____ Source material
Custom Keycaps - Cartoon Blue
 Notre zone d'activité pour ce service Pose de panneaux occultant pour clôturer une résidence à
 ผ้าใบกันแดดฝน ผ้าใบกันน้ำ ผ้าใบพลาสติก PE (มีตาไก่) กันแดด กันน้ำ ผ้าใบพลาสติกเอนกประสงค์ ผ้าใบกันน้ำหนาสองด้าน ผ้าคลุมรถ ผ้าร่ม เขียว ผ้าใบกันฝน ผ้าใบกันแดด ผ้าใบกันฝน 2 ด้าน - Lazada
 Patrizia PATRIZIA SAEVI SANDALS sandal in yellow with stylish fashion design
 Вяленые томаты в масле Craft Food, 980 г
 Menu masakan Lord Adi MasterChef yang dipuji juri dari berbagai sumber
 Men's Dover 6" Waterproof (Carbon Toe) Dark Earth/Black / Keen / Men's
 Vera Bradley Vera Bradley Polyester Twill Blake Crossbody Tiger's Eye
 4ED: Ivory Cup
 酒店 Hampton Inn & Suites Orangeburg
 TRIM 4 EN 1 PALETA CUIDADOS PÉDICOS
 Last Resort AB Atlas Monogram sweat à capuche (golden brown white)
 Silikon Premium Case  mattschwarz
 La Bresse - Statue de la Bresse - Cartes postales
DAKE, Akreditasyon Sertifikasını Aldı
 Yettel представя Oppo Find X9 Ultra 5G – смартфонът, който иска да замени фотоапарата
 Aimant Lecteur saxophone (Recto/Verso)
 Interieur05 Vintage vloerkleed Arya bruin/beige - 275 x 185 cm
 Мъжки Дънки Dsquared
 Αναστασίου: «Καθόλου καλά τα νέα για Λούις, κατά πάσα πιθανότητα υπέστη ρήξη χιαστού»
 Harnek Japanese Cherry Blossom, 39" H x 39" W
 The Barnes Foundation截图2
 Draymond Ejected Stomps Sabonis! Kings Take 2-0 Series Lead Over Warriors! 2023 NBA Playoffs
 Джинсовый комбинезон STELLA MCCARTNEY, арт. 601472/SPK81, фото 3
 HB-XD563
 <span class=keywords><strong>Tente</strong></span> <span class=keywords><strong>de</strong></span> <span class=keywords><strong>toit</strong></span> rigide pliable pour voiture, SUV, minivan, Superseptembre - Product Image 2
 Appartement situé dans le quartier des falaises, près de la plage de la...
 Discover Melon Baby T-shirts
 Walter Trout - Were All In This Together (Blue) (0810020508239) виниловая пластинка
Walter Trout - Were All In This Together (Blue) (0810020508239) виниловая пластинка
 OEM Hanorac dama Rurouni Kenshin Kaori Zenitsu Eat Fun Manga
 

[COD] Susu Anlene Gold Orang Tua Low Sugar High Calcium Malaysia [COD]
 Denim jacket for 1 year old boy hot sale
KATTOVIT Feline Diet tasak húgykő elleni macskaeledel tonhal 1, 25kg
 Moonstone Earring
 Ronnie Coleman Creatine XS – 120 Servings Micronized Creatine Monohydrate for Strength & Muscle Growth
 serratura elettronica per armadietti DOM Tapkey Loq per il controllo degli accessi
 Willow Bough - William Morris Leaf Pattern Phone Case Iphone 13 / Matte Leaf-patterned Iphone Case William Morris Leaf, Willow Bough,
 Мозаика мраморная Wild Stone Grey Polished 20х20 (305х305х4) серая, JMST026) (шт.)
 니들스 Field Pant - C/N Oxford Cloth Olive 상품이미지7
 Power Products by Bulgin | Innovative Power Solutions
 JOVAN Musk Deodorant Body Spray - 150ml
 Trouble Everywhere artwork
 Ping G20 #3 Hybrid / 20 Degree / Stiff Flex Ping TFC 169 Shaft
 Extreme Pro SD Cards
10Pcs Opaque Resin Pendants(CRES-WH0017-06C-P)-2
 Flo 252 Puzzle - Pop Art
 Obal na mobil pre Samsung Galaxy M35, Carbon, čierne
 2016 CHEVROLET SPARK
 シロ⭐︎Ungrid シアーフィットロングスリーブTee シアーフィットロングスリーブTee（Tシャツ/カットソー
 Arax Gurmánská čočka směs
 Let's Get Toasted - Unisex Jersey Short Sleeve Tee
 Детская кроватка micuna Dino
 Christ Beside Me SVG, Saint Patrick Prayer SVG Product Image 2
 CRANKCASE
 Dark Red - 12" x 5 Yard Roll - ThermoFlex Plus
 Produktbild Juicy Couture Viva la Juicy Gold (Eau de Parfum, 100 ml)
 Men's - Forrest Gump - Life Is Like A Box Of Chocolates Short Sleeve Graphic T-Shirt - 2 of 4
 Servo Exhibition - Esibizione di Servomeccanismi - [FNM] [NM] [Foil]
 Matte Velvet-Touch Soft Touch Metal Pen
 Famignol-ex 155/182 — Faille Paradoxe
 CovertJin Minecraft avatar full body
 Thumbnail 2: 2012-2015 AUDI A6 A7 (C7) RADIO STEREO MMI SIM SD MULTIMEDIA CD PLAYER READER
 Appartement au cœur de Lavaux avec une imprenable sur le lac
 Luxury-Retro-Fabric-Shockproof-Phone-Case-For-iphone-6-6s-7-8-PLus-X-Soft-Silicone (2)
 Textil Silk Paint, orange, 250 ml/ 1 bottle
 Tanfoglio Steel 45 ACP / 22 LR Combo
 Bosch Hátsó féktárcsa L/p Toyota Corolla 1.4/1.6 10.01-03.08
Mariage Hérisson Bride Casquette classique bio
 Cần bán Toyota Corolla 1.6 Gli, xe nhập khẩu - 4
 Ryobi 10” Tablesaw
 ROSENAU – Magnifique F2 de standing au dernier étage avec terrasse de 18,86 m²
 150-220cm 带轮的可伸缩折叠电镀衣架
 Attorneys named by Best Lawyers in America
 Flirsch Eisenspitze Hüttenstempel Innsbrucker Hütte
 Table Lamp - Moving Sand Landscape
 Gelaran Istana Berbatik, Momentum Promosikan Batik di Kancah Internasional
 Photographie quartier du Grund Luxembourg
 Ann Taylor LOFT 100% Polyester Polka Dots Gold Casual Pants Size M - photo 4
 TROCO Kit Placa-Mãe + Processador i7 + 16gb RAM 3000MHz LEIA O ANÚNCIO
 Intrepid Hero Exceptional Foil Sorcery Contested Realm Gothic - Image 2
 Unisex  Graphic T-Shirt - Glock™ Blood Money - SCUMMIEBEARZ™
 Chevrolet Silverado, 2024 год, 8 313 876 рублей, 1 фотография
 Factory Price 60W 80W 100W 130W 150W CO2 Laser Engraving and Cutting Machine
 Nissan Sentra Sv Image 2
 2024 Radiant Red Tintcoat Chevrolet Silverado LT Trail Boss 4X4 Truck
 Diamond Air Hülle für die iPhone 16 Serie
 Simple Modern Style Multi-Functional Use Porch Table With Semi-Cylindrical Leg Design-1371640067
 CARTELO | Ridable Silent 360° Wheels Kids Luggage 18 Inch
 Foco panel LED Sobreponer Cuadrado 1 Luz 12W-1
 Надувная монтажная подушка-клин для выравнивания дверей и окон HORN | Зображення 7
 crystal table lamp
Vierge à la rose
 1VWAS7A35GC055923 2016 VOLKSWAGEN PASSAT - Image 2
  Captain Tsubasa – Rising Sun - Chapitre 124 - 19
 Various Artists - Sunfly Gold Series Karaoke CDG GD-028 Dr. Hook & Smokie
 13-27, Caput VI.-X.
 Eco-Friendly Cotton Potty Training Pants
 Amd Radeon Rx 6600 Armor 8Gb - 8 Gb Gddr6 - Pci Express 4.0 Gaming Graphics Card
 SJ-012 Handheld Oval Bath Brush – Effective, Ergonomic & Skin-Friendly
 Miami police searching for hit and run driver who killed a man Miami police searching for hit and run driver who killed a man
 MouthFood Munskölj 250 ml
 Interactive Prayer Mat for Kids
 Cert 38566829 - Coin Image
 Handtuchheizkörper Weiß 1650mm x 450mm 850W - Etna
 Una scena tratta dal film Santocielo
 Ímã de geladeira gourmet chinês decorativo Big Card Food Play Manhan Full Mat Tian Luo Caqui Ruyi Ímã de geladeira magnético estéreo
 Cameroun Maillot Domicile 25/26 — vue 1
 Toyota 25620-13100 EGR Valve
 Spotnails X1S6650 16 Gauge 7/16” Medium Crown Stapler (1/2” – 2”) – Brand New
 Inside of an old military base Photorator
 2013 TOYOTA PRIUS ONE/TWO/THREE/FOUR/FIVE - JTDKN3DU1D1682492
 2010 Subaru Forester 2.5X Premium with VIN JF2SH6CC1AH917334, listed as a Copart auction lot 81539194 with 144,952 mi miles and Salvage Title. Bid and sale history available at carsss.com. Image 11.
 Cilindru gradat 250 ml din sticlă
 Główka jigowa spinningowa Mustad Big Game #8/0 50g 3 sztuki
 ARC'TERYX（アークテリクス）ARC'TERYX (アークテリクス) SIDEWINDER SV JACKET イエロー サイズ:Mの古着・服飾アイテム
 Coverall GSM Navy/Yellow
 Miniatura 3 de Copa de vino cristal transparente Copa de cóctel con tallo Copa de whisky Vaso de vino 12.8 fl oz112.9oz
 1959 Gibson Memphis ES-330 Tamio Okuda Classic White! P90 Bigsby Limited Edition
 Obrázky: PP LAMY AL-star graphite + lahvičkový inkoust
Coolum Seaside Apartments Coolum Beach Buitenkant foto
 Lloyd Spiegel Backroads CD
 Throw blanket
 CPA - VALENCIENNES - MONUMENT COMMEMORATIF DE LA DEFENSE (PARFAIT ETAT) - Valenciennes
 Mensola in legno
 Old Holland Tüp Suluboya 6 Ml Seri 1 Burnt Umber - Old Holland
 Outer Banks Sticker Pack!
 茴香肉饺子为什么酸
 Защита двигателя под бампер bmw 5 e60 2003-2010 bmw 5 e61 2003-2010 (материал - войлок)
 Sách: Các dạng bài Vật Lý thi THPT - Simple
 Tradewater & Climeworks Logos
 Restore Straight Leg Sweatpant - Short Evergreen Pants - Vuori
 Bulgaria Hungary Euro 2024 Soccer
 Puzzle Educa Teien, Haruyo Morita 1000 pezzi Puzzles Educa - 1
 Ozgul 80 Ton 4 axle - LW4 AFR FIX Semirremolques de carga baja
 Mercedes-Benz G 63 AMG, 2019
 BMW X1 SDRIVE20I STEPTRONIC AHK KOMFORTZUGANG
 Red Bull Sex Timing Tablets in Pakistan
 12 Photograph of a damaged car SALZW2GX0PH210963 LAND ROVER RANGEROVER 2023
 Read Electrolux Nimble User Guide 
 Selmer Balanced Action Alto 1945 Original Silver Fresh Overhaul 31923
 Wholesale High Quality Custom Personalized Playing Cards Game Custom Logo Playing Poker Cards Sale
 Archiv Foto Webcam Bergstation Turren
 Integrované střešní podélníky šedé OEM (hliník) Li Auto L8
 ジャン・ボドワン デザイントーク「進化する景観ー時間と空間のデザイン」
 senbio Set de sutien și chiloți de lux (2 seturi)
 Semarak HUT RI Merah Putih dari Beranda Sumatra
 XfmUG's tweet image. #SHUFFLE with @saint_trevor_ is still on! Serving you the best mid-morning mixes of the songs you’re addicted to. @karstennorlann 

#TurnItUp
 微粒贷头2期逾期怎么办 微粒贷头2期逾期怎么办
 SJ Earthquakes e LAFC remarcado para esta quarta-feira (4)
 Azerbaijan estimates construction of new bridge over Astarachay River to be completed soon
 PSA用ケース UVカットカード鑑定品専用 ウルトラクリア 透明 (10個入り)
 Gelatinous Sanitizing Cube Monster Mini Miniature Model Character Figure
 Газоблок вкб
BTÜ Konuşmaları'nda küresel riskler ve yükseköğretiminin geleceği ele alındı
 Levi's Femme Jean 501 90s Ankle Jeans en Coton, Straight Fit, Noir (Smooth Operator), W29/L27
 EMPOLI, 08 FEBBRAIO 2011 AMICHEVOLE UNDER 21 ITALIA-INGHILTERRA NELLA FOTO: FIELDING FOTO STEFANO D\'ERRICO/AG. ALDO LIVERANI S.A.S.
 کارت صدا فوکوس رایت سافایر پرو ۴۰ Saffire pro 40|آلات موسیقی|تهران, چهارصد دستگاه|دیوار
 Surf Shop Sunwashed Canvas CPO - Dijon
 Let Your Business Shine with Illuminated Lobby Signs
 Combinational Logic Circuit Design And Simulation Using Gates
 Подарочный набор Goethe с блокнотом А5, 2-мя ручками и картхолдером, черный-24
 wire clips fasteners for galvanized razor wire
________
(Exercise instructions): Word for word, restate the lines above from the line containing "Mercedes-Benz G 63 AMG, 2019" through the line containing "EMPOLI, 08 FEBBRAIO", with both included and nothing else.

(Response for this exercise):
 Mercedes-Benz G 63 AMG, 2019
 BMW X1 SDRIVE20I STEPTRONIC AHK KOMFORTZUGANG
 Red Bull Sex Timing Tablets in Pakistan
 12 Photograph of a damaged car SALZW2GX0PH210963 LAND ROVER RANGEROVER 2023
 Read Electrolux Nimble User Guide 
 Selmer Balanced Action Alto 1945 Original Silver Fresh Overhaul 31923
 Wholesale High Quality Custom Personalized Playing Cards Game Custom Logo Playing Poker Cards Sale
 Archiv Foto Webcam Bergstation Turren
 Integrované střešní podélníky šedé OEM (hliník) Li Auto L8
 ジャン・ボドワン デザイントーク「進化する景観ー時間と空間のデザイン」
 senbio Set de sutien și chiloți de lux (2 seturi)
 Semarak HUT RI Merah Putih dari Beranda Sumatra
 XfmUG's tweet image. #SHUFFLE with @saint_trevor_ is still on! Serving you the best mid-morning mixes of the songs you’re addicted to. @karstennorlann 

#TurnItUp
 微粒贷头2期逾期怎么办 微粒贷头2期逾期怎么办
 SJ Earthquakes e LAFC remarcado para esta quarta-feira (4)
 Azerbaijan estimates construction of new bridge over Astarachay River to be completed soon
 PSA用ケース UVカットカード鑑定品専用 ウルトラクリア 透明 (10個入り)
 Gelatinous Sanitizing Cube Monster Mini Miniature Model Character Figure
 Газоблок вкб
BTÜ Konuşmaları'nda küresel riskler ve yükseköğretiminin geleceği ele alındı
 Levi's Femme Jean 501 90s Ankle Jeans en Coton, Straight Fit, Noir (Smooth Operator), W29/L27
 EMPOLI, 08 FEBBRAIO 2011 AMICHEVOLE UNDER 21 ITALIA-INGHILTERRA NELLA FOTO: FIELDING FOTO STEFANO D\'ERRICO/AG. ALDO LIVERANI S.A.S.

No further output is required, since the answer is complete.